What is expected
Look in the listing below for the line that has "Cutler Nutrition, Prevail", then return it and each following line up to and including the one with "Novi Živex katalog", exactly and without pictures.

Data supplied
= Beginning of Section =

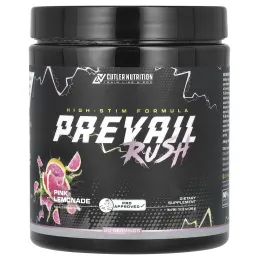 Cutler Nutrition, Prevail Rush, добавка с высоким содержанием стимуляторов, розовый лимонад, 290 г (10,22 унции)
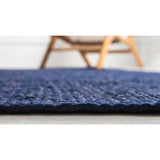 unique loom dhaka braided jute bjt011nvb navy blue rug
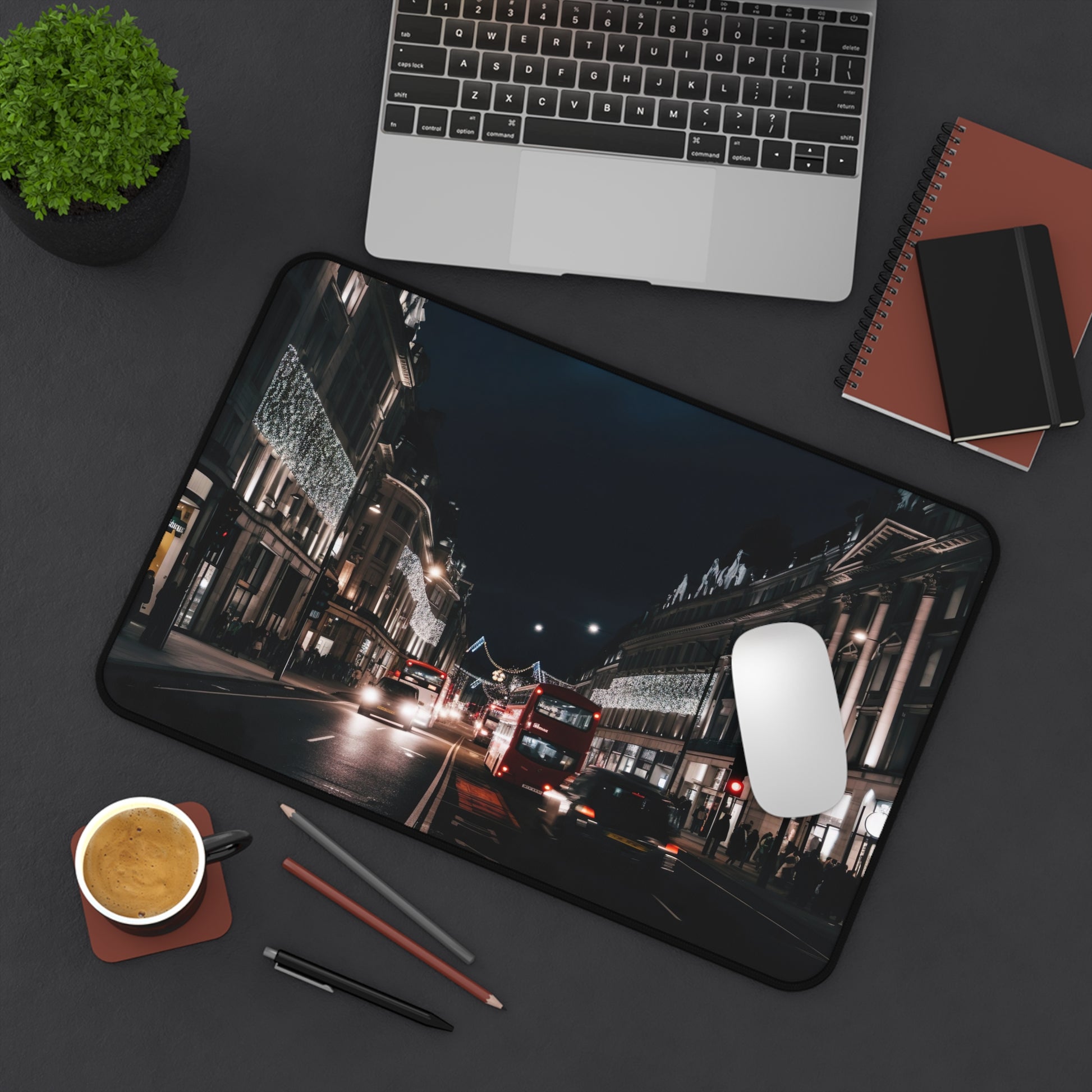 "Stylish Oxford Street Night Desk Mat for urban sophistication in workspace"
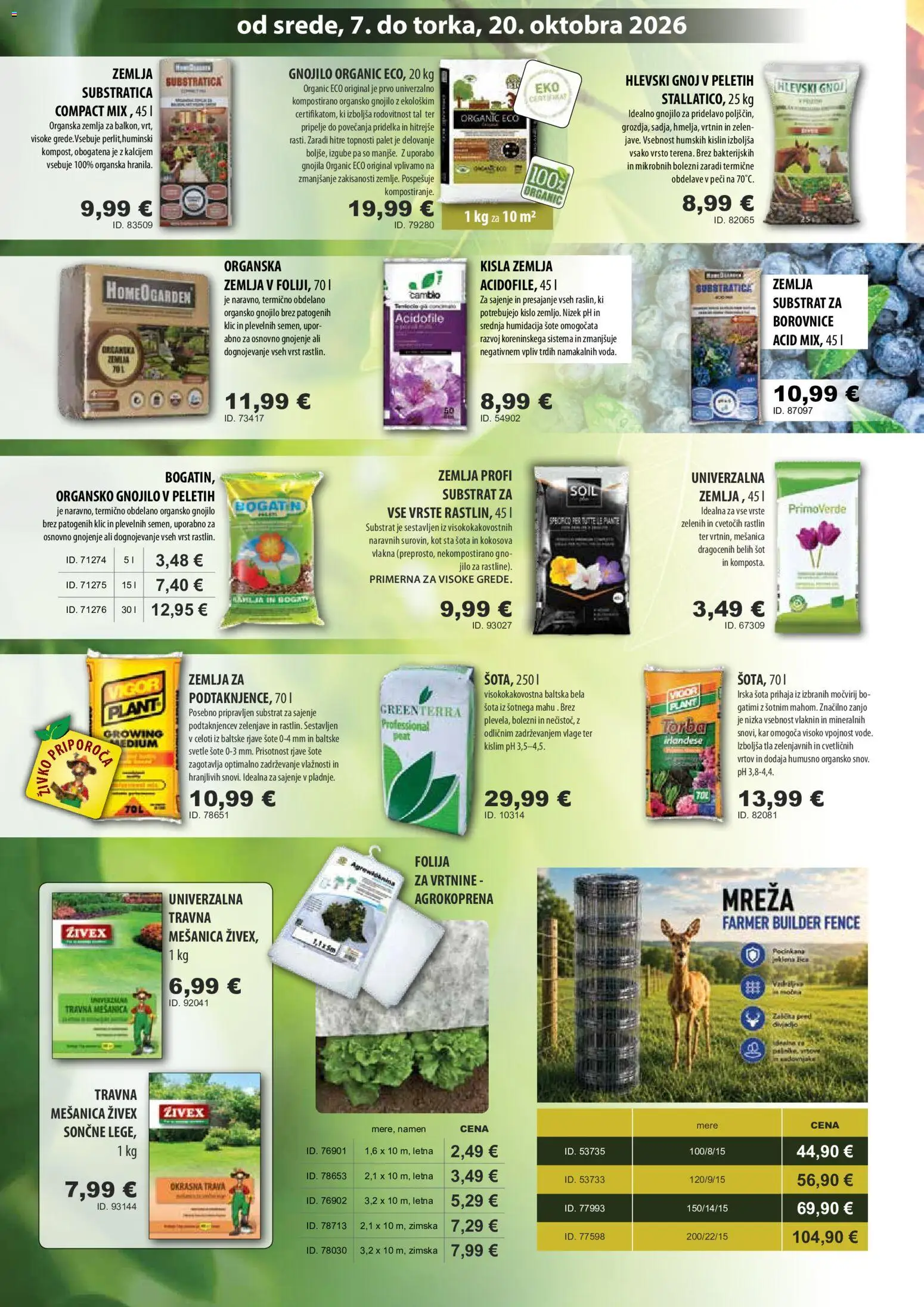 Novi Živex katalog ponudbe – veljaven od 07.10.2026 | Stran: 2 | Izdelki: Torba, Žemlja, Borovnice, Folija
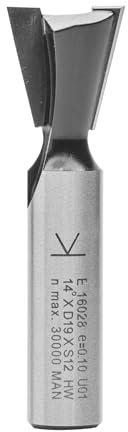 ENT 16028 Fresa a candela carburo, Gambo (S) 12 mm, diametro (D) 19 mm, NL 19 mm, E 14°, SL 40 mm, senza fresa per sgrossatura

= End of Section =
= Beginning of Section =

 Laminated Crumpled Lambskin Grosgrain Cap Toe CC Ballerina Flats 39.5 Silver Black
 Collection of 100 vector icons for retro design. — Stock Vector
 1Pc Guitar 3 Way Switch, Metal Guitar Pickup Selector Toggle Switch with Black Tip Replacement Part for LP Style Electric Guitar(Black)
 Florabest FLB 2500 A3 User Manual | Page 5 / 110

= End of Section =
= Beginning of Section =

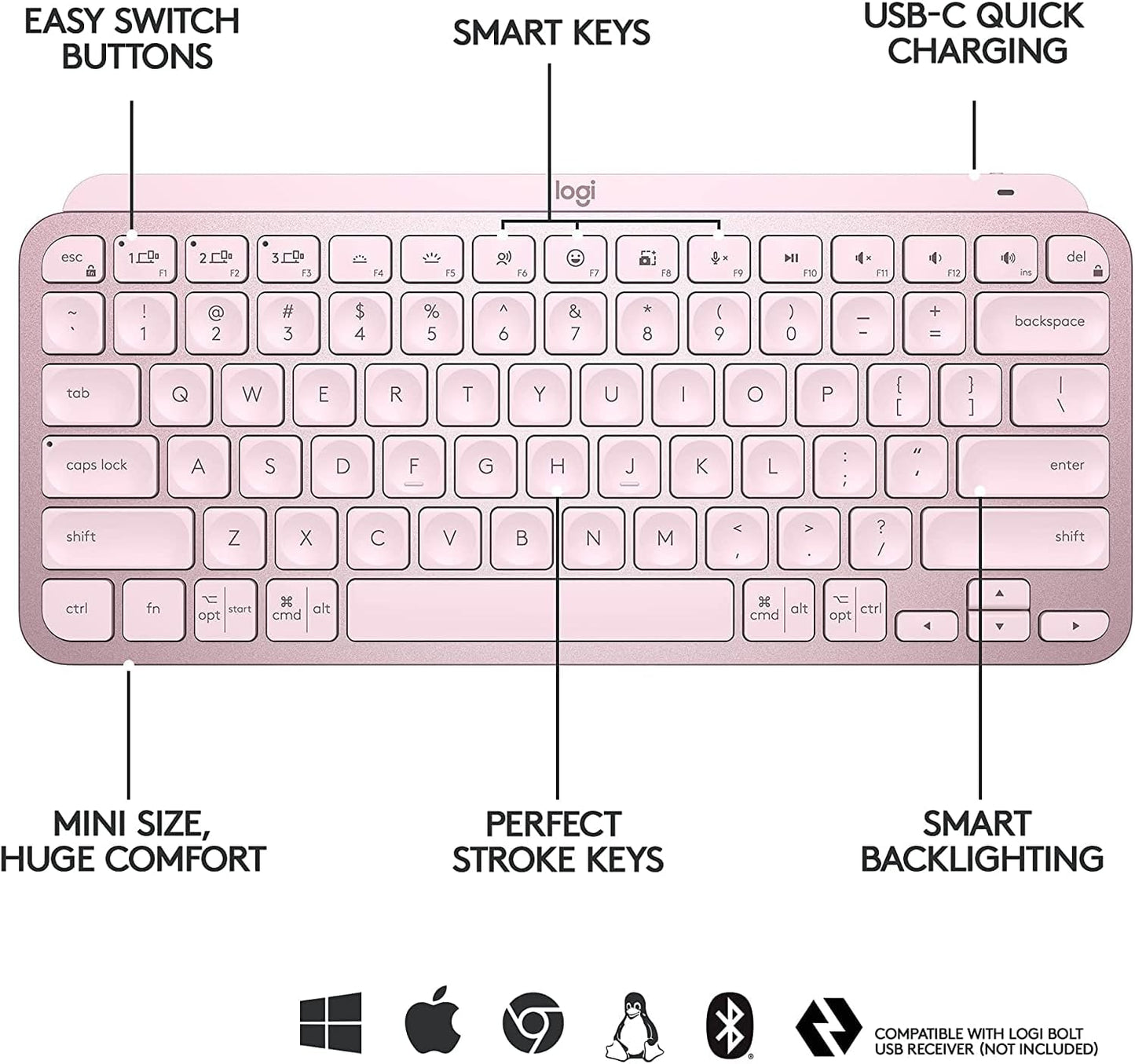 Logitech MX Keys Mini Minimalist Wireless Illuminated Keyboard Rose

= End of Section =

Task response
 Cutler Nutrition, Prevail Rush, добавка с высоким содержанием стимуляторов, розовый лимонад, 290 г (10,22 унции)
 unique loom dhaka braided jute bjt011nvb navy blue rug
 "Stylish Oxford Street Night Desk Mat for urban sophistication in workspace"
 Novi Živex katalog ponudbe – veljaven od 07.10.2026 | Stran: 2 | Izdelki: Torba, Žemlja, Borovnice, Folija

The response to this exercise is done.